One crude way of deciding how much to weigh priors vs evidence is by committing to a hypothesis class ahead of time – i.e. to a subset $H\subset \{f:X\to Y\}$ – and then finding a predictor that performs maximally well on the training sequence, only taking into considerations predictors in the class we committed to (i.e., a predictor in the set ${\text{argmin}}_{h\in H}\left[{\ell }_S\right(h\left)\right]$). It is crude because it only allows the prior to give a binary "yes" or "no" to a hypothesis, rather than a "probably not, but maybe with enough evidence". Suppose (for the papaya example), we pre-commit to the class of axis-aligned rectangles, as the book suggests (i.e. rectangles with two horizontal and two vertical sides). Consider the following training sequence:

This does not seem like that unreasonable of a glimpse into reality – perhaps it is really the case that if green papayas are too soft, they become gross, but if they're more orange or whatever, then it's fine if they're soft. You might not expect that to be the case, but you'd probably assign it some reasonable probability. This is not allowed by the class of axis-aligned rectangles: cording to this class, the only possible predictor is one where both a certain softness area and a certain color area have to be hit, and one factor does not influence the other. Therefore, if we applied a learning algorithm to this training sequence and restricted it to that class, it would have to fit an axis-aligned rectangle in there as best as possible – which would perform much better than chance, but still seems like a suboptimal choice.

A more sophisticated way of answering the "how strongly to weigh evidence vs priors" question is to choose a family of several hypothesis classes, as well as a weighting function that privileges how much we like each class. Then, perhaps the class of axis-aligned rectangles would have the highest initial weighting, but the class of all rectangles would still be rated decently, so that if it performs substantially better – as is the case here (although it would still have nonzero empirical error) – the learning algorithm would end up preferring a non-axis-aligned rectangle. We can also look at this as having uncertainty about the right model in addition to uncertainty about which predictor within the model to choose. More about this later.

PAC learning

Even though I've criticized the pre-commitment approach, it is a good place to begin a more formal analysis. In particular, we can now talk about a hypothesis class being "learnable". Here, being learnable means that, with sufficiently many training instances, one can prove that, a predictor that performs optimally on the training sequence will probably perform almost as well on the real world as the hypothesis which has the lowest real error in the class. Crucially, this holds for every joint probability distribution $D$.

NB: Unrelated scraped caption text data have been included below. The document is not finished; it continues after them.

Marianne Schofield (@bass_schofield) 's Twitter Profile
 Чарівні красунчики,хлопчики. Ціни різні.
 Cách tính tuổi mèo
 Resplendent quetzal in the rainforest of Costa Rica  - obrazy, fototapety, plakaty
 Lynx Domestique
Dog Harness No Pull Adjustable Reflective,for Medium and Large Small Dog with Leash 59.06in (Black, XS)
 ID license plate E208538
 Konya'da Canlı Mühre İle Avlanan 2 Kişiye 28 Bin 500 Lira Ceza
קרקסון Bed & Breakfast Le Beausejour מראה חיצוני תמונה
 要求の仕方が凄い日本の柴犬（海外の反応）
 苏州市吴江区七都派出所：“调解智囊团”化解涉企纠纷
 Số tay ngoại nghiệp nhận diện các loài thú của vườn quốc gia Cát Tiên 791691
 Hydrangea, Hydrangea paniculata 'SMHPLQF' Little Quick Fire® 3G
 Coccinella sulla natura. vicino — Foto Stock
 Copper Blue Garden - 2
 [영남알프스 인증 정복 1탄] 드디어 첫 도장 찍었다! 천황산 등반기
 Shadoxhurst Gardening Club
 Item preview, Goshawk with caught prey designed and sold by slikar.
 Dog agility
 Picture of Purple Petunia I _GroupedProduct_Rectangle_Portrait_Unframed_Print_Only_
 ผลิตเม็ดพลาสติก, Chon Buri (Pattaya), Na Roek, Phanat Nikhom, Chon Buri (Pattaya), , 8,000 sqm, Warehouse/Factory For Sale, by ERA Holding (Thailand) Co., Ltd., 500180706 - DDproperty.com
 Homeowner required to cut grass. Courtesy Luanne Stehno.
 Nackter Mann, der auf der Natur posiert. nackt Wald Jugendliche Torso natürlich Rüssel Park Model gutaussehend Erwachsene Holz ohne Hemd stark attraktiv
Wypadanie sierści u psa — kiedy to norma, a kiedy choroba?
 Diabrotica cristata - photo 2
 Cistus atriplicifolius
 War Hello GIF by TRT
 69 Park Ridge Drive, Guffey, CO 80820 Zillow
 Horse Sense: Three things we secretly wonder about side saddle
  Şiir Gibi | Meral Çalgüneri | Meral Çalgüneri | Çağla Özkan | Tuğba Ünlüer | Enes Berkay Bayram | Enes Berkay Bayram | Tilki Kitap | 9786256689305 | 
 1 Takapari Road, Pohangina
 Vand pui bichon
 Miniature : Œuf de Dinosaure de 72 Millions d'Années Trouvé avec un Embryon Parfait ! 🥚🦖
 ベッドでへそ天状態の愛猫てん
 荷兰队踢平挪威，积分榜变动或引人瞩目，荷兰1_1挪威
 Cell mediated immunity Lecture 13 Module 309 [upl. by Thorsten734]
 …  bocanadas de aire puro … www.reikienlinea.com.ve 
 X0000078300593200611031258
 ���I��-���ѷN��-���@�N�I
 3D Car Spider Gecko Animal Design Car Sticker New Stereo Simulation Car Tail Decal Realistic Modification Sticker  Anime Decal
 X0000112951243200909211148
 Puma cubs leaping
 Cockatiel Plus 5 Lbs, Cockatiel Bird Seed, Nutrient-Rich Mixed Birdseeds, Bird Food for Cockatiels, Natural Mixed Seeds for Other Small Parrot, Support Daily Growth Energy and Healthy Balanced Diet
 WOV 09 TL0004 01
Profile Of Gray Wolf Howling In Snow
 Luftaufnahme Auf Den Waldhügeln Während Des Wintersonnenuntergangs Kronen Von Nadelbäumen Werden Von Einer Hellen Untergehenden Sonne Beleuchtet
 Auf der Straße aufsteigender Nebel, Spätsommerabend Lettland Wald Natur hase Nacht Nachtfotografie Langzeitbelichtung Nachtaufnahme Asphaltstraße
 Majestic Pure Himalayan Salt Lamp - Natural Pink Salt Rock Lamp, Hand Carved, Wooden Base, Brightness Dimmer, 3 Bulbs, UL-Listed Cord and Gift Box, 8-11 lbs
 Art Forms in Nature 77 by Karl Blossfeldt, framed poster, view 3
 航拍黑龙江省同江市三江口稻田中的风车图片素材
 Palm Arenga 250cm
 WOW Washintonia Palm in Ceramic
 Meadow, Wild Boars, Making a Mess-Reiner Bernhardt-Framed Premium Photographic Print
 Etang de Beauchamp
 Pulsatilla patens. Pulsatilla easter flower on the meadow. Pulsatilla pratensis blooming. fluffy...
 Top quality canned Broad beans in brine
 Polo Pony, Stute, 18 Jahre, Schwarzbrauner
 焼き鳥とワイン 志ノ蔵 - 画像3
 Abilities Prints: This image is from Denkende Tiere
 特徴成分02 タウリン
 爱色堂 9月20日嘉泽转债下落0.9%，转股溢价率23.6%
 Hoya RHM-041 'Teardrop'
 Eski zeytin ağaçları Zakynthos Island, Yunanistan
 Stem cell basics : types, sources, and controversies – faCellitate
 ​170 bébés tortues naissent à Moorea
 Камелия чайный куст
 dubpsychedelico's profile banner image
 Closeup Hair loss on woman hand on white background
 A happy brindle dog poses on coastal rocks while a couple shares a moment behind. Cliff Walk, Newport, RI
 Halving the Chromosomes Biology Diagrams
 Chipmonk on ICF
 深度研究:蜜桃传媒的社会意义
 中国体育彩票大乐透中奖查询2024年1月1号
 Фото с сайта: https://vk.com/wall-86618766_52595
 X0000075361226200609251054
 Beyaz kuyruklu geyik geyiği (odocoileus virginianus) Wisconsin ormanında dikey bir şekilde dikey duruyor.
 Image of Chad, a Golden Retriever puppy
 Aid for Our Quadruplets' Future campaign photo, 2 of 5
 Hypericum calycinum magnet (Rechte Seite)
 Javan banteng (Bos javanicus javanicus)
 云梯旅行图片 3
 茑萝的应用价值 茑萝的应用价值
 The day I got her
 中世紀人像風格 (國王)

So this definition is not about how well the hypothesis we end up with performs on the real world in absolute terms – that's not something which is possible to bound, because the hypothesis class may just not contain any good predictor at all (as is the case in the example above if we use the class of axis-aligned rectangles, and of course other classes could be much worse). Rather, it is about how good of a choice the lowest-empirical-error hypothesis is given that we are stuck with this class – i.e. how large is the difference between the real error of [the hypothesis with minimal empirical error] and the real error of the best hypothesis, i.e. [the hypothesis with minimal real error]. Such a bound is important because, since we can't measure the real error, we cannot output the best hypothesis directly.

There are also two caveats built into the definition. One is the "almost" part; one can never guarantee that the hypothesis with minimal empirical error is exactly as good as the hypothesis with minimal real error because there is randomness in the creation of the training sequence. The second is the "probably" part, one can never upper bound the difference with full certainty because there is always some chance that the training sequence just happens to be unrepresentative. For example, there is always some chance that the training sequence doesn't contain any positively labeled points, in which case $A$ has no way of reliably outputting anything reasonable. However, as the training sequence gets larger, this becomes increasingly unlikely.

The complete formal definition can be stated thus (where we write $A\left(S\right)$ to denote the predictor which $A$ outputs upon receiving the training sequence $S$):

A hypothesis class $H$ is called PAC learnable iff there exists a learner $A$ and a function $m^{\ast }:(0,1{)}^2\to N$ such that, for any probability distribution $D$ over $X\times Y$, any "gap" $ϵ\in (0,1)$, and any failure probability $\delta \in (0,1)$, if the training sequence $S$ consists of at least $m^{\ast }(ϵ,\delta )$ i.i.d. examples sampled via $D$, then with probability at least $1-\delta$ over the choice of $S$, it holds that $\ell \left(A\right(S\left)\right)\le \ell \left(h^{\ast }\right)+ϵ$ for all $h^{\ast }\in {\text{argmin}}_{h\in H}\left[\ell \right(h\left)\right]$.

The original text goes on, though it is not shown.